Meat Strip Alignment Technology (MSAT)
Meat & Livestock Australia (MLA) undertook research with Food Science Australia (FSA) over the 4 years from 2002 to develop an innovative process to meet the Red Meat Industry issues and new consumer trends.
Meat Strip Alignment Technology (MSAT) was an equipment innovation that aligns meat strips to provide a range of value added red meat products. The equipment is designed to fit the end of a meat pump, allowing for a filling operation.
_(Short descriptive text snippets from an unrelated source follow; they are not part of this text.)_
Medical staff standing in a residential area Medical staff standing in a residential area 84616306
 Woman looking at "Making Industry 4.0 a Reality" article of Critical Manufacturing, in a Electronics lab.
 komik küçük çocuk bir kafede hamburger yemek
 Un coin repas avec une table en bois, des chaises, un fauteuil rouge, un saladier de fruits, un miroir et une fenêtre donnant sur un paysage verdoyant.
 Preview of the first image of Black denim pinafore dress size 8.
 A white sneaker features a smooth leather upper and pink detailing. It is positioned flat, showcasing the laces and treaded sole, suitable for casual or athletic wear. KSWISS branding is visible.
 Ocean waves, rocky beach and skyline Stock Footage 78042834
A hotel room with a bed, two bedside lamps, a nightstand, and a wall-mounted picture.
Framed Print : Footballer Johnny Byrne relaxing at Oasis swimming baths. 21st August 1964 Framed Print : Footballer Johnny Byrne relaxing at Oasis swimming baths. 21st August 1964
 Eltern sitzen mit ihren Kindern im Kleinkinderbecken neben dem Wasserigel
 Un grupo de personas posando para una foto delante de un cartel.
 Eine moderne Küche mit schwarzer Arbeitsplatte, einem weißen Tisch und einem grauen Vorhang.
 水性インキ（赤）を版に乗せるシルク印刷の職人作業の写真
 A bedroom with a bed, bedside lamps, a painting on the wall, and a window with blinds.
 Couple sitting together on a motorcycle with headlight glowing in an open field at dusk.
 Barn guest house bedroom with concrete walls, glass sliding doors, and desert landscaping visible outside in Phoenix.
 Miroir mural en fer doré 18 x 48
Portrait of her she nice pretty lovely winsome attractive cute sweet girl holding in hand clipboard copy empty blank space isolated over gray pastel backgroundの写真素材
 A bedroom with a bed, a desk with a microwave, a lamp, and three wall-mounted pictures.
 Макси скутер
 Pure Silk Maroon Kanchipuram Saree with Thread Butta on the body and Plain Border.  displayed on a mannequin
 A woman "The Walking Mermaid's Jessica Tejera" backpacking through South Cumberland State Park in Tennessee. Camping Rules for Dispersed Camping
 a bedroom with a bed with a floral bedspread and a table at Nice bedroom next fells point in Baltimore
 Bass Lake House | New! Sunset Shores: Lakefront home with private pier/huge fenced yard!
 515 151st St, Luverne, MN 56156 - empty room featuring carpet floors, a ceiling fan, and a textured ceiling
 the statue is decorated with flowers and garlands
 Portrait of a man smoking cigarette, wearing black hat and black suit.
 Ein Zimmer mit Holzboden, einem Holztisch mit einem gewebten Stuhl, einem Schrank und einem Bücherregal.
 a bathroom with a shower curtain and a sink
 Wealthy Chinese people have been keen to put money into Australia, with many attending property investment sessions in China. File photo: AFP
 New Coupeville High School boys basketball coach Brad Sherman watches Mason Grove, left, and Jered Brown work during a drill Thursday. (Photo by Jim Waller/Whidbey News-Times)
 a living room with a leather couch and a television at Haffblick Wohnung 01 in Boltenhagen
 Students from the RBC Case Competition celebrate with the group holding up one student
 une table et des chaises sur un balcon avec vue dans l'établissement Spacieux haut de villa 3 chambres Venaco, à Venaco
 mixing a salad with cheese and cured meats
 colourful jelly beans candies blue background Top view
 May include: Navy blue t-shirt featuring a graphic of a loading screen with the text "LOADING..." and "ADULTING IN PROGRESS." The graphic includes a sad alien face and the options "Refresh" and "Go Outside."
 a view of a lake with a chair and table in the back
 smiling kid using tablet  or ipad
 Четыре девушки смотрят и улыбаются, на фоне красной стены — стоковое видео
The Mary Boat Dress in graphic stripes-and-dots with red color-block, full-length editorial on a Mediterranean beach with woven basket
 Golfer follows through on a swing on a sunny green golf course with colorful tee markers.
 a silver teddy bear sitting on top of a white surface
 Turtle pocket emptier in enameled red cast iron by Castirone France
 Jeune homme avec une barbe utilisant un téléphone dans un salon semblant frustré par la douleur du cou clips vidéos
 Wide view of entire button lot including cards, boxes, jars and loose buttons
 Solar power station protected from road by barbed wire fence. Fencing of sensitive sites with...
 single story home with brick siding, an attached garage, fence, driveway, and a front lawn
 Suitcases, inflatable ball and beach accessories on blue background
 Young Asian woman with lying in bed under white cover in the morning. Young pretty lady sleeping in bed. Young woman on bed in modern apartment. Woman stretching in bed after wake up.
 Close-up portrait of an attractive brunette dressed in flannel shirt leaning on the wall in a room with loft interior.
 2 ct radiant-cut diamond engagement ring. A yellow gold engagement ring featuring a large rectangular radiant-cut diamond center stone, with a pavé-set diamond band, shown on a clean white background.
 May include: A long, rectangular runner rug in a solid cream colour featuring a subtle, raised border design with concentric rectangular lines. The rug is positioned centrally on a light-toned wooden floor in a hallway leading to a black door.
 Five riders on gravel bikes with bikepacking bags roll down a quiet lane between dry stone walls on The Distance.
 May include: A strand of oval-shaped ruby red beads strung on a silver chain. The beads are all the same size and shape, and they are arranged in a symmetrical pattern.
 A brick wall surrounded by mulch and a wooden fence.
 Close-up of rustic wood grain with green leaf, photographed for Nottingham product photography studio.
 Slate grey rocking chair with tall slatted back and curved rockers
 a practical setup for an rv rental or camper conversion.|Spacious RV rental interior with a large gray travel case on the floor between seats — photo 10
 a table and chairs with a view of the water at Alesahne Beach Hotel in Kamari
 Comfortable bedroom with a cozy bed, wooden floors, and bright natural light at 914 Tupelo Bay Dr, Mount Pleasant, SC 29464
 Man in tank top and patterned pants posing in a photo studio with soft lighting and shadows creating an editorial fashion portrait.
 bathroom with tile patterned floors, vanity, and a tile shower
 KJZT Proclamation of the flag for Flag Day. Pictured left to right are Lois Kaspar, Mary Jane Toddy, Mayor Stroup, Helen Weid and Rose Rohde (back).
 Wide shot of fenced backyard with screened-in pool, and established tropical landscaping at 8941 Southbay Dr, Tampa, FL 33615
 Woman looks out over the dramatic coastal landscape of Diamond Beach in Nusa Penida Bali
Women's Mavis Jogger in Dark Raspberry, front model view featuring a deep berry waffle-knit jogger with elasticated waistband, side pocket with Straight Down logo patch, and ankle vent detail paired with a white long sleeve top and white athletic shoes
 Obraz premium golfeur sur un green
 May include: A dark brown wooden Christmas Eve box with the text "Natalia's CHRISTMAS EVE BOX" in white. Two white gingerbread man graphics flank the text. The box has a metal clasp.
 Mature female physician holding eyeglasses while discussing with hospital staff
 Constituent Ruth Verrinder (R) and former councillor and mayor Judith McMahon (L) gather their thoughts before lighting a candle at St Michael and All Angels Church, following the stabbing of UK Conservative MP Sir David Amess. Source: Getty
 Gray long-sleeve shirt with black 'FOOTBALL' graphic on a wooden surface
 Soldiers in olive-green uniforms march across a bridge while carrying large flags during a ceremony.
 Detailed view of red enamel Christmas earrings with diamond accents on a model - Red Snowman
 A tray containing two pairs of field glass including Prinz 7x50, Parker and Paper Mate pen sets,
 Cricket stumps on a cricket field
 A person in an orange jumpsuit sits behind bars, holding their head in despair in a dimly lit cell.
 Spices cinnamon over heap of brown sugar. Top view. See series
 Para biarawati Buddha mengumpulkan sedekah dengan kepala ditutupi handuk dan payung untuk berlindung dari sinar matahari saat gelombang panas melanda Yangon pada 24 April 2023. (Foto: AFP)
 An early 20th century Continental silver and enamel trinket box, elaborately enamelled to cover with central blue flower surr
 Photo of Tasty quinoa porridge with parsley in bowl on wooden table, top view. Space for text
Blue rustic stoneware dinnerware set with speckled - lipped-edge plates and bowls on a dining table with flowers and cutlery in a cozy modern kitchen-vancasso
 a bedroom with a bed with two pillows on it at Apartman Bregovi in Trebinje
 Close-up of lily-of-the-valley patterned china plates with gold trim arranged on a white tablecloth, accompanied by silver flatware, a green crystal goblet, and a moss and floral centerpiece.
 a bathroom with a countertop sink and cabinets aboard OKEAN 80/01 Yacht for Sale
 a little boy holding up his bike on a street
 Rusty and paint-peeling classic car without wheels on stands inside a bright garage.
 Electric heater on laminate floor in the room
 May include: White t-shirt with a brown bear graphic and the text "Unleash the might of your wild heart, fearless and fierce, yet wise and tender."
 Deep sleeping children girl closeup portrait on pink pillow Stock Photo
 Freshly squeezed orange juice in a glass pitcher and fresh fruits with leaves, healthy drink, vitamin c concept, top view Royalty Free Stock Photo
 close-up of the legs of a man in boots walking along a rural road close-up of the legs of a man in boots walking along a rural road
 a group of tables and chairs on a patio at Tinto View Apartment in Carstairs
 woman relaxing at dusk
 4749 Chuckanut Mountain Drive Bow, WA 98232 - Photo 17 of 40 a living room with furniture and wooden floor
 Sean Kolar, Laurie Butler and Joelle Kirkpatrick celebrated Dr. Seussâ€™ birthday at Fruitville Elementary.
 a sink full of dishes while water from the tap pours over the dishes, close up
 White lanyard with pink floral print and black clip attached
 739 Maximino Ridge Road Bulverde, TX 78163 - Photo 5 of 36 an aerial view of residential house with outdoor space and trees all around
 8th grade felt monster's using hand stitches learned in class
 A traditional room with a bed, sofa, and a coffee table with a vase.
MSAT was developed as a new product platform which utilised low value red meat primals and trims, to generate a versatile value added red meat products (shape, size and textures).  MSAT equipment and processes was developed to a point requiring commercial proving.
Projects included:
P.PIP.0136 - Development of commercial prototype Meat Strip Alignment Technology nozzle (2006)P.PIP.0144 - Development of MSAT Research Samples for the Japanese market (2008)A.MPT.0018 - Commercialisation of MSAT (2008)P.PSH.0217 - Preliminary Evaluation of Restructured Beef and Lamb Products Produced using Mincing Plates Developed by
Thompson Meat Machinery (2006)P.COM.0122, A.MPT.0003, 0004, 0014, 0015 funded commercial trials, IP costs and technical advice for MSAT.
Early project termination was recommended by the technical project consultative group due to inconclusive feedback from the MSAT evaluation process (negative feedback on eating quality and pricing).
Other research
M.134 - Reformed Portion Products (1993). The aim of this project was to develop a convenient, portion controlled beef based product suitable for the Retail and Food Service sectors. An innovative product was developed which comprises a beef outer casing with a centre composed of sauce and vegetables.
M.188 (1992) summarised the findings of consumer and food service industry research into the likely market acceptance of and positioning of restructured meat, being minute steaks, schnitzel and pre-cooked lamb and beef.